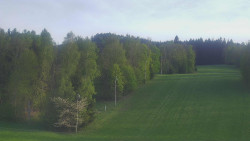 Dojezd hlavní sjezdovky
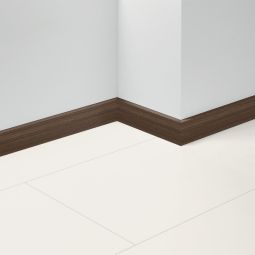 Parador Dekor-Sockelleiste Eiche D007 SL 3/18 dunkelbraun Fußleisten Länge 2200 mm, verschiedene Formen
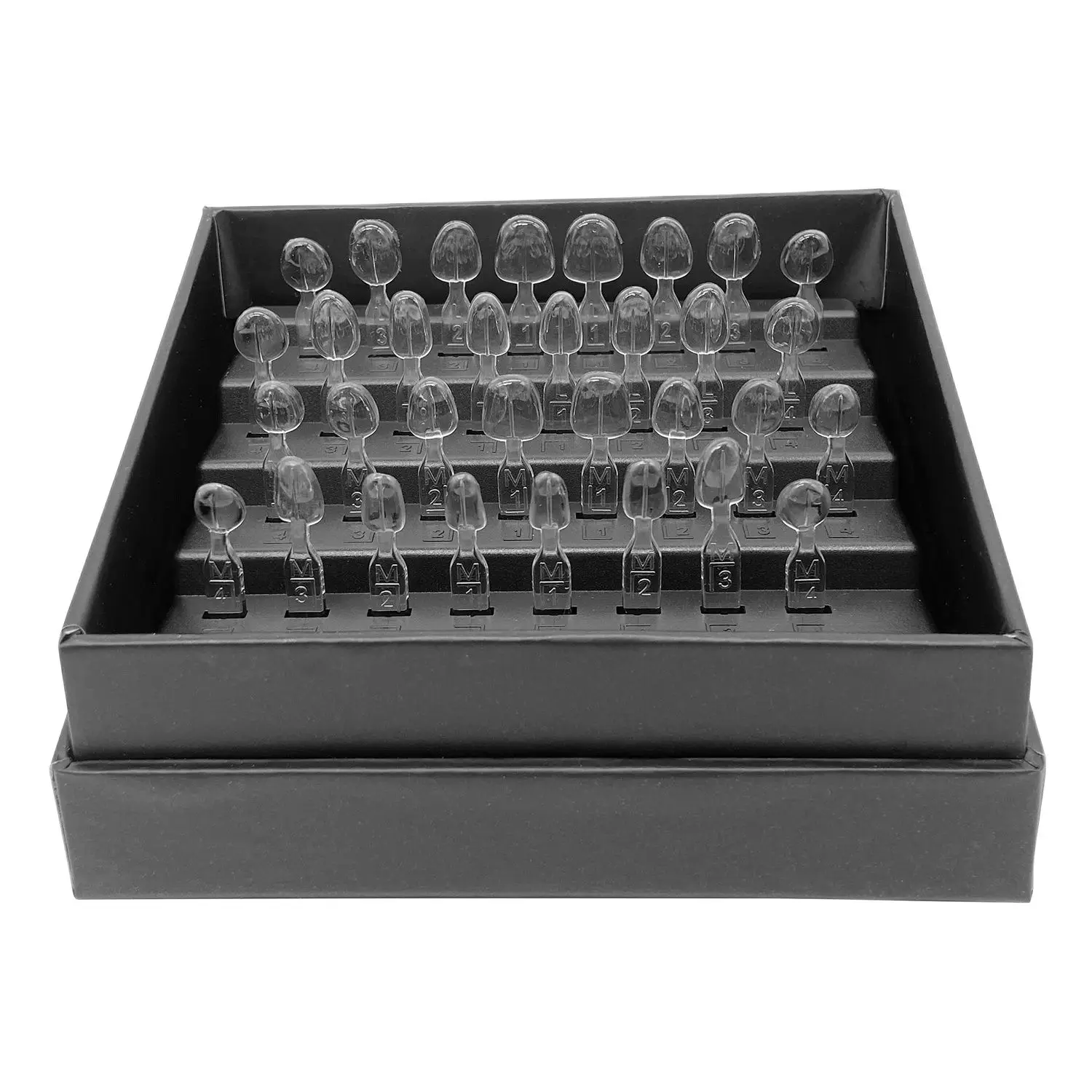 32pcs/Set Dental Veneer Mould  - Teeth Whitening Kit With Light review and price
▬▬▬▬▬▬
● DIRECTIONS: Only the lines from the one containing "Parador Dekor-Sockelleiste Eiche" through the last line of the material are to be restated word for word; no picture is to be included.

● TASK RESPONSE:
 Parador Dekor-Sockelleiste Eiche D007 SL 3/18 dunkelbraun Fußleisten Länge 2200 mm, verschiedene Formen
 32pcs/Set Dental Veneer Mould  - Teeth Whitening Kit With Light review and price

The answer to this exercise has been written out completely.